# [Given records]
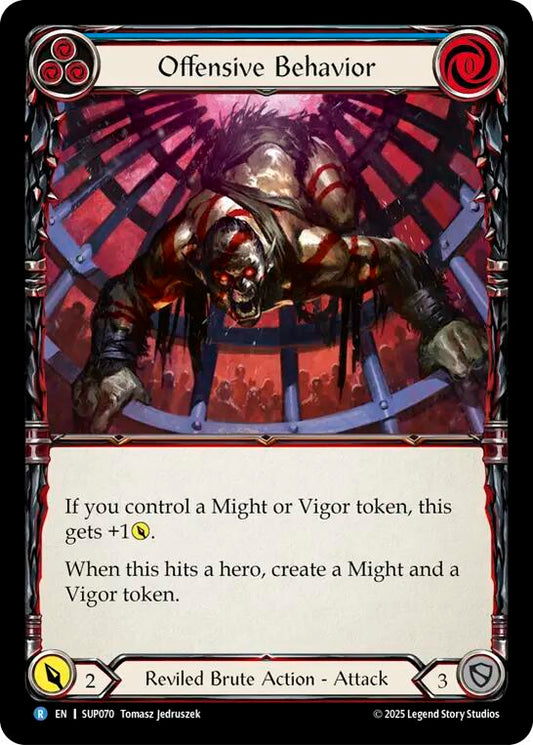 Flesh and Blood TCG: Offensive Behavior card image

---

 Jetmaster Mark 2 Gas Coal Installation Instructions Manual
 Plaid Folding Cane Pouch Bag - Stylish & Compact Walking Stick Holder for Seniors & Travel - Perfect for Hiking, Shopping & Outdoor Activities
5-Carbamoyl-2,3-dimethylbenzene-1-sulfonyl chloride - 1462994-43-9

# [Instructions to follow]
From the records above, retype only the lines starting at the line that contains "Jetmaster Mark 2" and ending at the line that contains "chloride - 1462994-43-9", both included.

# [Answer below]
 Jetmaster Mark 2 Gas Coal Installation Instructions Manual
 Plaid Folding Cane Pouch Bag - Stylish & Compact Walking Stick Holder for Seniors & Travel - Perfect for Hiking, Shopping & Outdoor Activities
5-Carbamoyl-2,3-dimethylbenzene-1-sulfonyl chloride - 1462994-43-9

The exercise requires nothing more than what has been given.